REQUIRED WORK:
Below is a listing from which only part is wanted; return exactly the lines from the one with "Stand Studio Faux" up to and including the one with "Galaxy Z Flip".

EXERCISE MATERIAL:

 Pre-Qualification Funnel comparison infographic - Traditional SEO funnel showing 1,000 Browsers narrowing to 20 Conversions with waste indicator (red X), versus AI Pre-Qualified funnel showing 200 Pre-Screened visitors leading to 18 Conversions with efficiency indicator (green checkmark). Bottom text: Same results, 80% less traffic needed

--

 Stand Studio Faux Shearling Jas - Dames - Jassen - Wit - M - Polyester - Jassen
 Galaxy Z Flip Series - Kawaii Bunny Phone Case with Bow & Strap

EXERCISE SOLUTION:
 Stand Studio Faux Shearling Jas - Dames - Jassen - Wit - M - Polyester - Jassen
 Galaxy Z Flip Series - Kawaii Bunny Phone Case with Bow & Strap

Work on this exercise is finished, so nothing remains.